As an undergraduate, she became a convert to Gerard K. O'Neill's "High Frontier" plan for space colonization after analyzing his 1974 Physics Today cover story on the concept as a project for Professor Harland Epps' Topics in Modern Astronomy seminar. Rothblatt subsequently became an active member of the L5 Society and its Southern California affiliate, the Organization for the Advancement of Space Industrialization and Settlement (OASIS).
During her four-year J.D./M.B.A. program, also at UCLA, she published five articles on the law of satellite communications and prepared a business plan for the Hughes Space and Communications Group titled PanAmSat about how satellite spot beam technology could be used to provide communication service to multiple Latin American countries. She also became a regular contributor on legal aspects of space colonization to the OASIS newsletter.

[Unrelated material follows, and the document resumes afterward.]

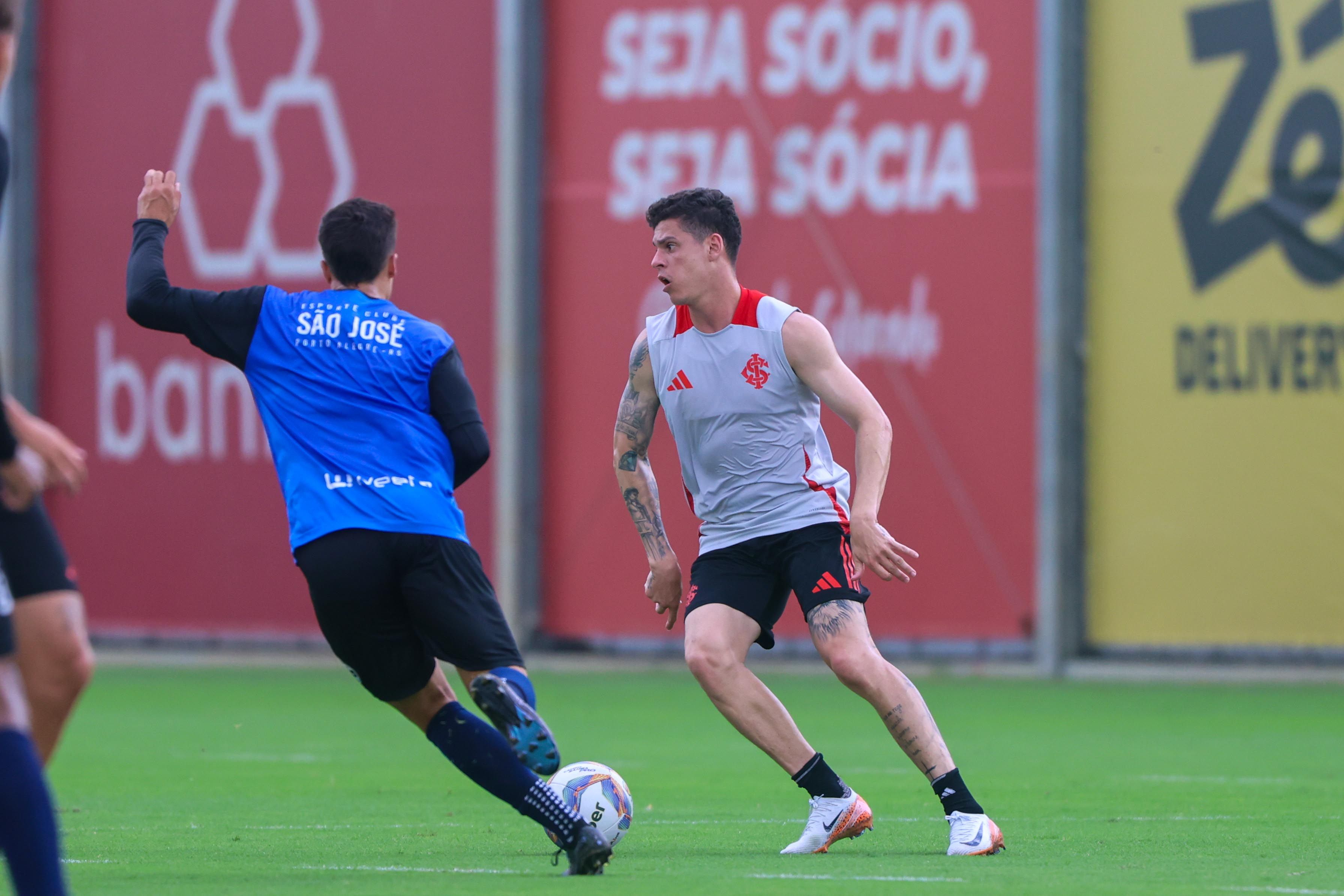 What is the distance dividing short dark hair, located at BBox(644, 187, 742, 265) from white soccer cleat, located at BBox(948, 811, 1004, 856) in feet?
6.51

In 1982, Rothblatt married Bina Aspen, a realtor from Compton, California. Rothblatt and Aspen each had a child from a previous relationship and legally adopted each other's children; they went on to have two more children together.
In 1994, at age 40, she came out as transgender and changed her name to Martine Aliana Rothblatt. She has since become a vocal advocate for transgender rights.
In 2004, Rothblatt launched the Terasem Movement, a transhumanist school of thought focused on promoting joy, diversity, and the prospect of technological immortality via mind uploading and geoethical nanotechnology. Through a charitable foundation, leaders of this school convene publicly accessible symposia, publish explanatory analyses, conduct demonstration projects, issue grants, and encourage public awareness and adherence to Terasem values and goals. The movement maintains a "Terasem Island" on the Internet-based virtual world Second Life, which is currently composed of two sims, which was constructed by the E-Spaces company.
Rothblatt is an advocate for LGBTQ rights and an outspoken opponent of North Carolina's controversial Public Facilities Privacy & Security Act or HB-2 law.
Through her blog Mindfiles, Mindware and Mindclones, she writes about "the coming age of our own cyberconsciousness and techno-immortality" and started a vlog together with Ulrike Reinhard on the same topic. She also created Lifenaut.com as a place where thousands of people could go to backup their minds.
Rothblatt contributed $258,000 to SpacePAC, a super PAC that supported her son, Gabriel, who was running as a Democrat in Florida's 8th congressional district but lost. Gabriel is a pastor for the Terasem Movement.